New boys, including Demba Ba, and seemingly the best of all Yohan Cabaye, have big boots to fill.
And what a destabilising summer. The tour to the United States was hit by visa problems, and gruelling too, with nine flights in ten days. The hoped-for saviour, Hatem Ben Arfa got injured.
The final friendly against Fiorentina was abandoned amid a biblical rain-storm.
Pardew is walking a tight-rope between keeping sweet with the owner and Llambias, and taking them on in public to demand more players.
He must sense the discontent around, and ensure fans are talking about football rather than club politics and personalities, to keep a lid on a fragile situation.
Newcastle appear to sell anyone up for the accolade of “most influential”.
Gone is Kevin Nolan, on the way is Joey Barton. Out of favour is Steve Harper. Out went Andy Carroll, the towering beacon on the pitch. All influential.
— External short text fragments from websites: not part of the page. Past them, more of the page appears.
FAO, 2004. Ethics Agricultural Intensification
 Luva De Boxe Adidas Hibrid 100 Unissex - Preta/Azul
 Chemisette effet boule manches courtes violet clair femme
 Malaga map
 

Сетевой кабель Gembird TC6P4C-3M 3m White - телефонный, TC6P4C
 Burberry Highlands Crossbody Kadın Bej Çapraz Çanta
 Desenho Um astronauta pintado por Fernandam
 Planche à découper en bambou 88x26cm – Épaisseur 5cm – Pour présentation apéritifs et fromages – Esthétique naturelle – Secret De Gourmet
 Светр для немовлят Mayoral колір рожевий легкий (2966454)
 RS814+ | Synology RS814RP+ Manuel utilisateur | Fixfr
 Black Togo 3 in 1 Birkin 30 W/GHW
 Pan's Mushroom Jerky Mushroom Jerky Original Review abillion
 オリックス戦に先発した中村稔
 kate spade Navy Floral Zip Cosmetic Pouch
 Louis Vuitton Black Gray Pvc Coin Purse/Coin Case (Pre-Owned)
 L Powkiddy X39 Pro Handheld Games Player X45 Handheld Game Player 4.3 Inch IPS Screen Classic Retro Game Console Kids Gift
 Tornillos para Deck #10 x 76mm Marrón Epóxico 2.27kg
Boss Pardew has challenged new leaders to come forward.
The obvious new candidate is an outstanding performer from last season: namely Cheik Tiote - as long as he returns from Africa this week on his mission to get a new visa. (How did that suddenly become a problem a week before the new season, by the way?)
Tiote is the rock around which Newcastle’s midfield is built. If he plays well, Newcastle generally do well.
His new partner Yohan Cabaye can hardly speak a word of English, but the duo could be the men to knit together the club on the pitch this season.
Cabaye’s style is busy and positive, and if he adjusts quickly he and Tiote could provide some much-needed stability.
But in attack United need Hatem Ben Arfa to come back from injury sooner rather than later to add some creative spark and cheek.
Manager: Alan Pardew
Alan Pardew has impressed with his communication skills, tip-toeing through a minefield in recent weeks, while never swerving a question.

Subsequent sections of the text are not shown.